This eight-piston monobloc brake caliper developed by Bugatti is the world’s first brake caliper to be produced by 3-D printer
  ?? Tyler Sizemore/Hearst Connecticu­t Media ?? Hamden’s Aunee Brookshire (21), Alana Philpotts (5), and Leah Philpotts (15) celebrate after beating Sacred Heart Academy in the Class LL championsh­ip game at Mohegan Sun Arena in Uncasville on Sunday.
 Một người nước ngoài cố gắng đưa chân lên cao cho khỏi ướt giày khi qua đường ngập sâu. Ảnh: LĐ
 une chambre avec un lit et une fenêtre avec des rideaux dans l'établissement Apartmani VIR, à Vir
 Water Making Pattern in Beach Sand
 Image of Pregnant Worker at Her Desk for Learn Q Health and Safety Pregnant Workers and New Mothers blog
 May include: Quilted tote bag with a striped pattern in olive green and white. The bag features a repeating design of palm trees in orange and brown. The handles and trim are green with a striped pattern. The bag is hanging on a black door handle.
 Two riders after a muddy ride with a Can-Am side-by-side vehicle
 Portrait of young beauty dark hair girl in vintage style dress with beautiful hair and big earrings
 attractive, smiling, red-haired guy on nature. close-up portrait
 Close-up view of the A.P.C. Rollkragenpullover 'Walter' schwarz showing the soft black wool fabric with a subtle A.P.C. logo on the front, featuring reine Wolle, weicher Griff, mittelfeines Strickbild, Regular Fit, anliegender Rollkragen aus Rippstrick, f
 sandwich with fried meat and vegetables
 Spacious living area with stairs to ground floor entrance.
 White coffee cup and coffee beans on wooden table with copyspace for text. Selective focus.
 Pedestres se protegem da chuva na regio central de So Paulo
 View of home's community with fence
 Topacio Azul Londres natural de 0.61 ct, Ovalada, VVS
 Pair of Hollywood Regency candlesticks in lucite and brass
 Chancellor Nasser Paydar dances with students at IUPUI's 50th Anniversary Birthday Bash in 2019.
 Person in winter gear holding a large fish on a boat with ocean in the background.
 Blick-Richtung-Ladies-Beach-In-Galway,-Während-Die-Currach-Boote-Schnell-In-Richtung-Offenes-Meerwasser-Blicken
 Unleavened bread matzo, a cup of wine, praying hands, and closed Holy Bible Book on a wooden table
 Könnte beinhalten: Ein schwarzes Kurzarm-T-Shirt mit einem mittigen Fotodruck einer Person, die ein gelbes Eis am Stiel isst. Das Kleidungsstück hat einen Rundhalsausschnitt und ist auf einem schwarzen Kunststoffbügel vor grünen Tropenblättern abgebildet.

■ EXERCISE
Could you repeat exactly the lines in the listing above from the one with "attractive, smiling, red-haired" down to the one with "Pedestres se protegem"? Include both of those lines.

■ THE COMPLETED TASK
 attractive, smiling, red-haired guy on nature. close-up portrait
 Close-up view of the A.P.C. Rollkragenpullover 'Walter' schwarz showing the soft black wool fabric with a subtle A.P.C. logo on the front, featuring reine Wolle, weicher Griff, mittelfeines Strickbild, Regular Fit, anliegender Rollkragen aus Rippstrick, f
 sandwich with fried meat and vegetables
 Spacious living area with stairs to ground floor entrance.
 White coffee cup and coffee beans on wooden table with copyspace for text. Selective focus.
 Pedestres se protegem da chuva na regio central de So Paulo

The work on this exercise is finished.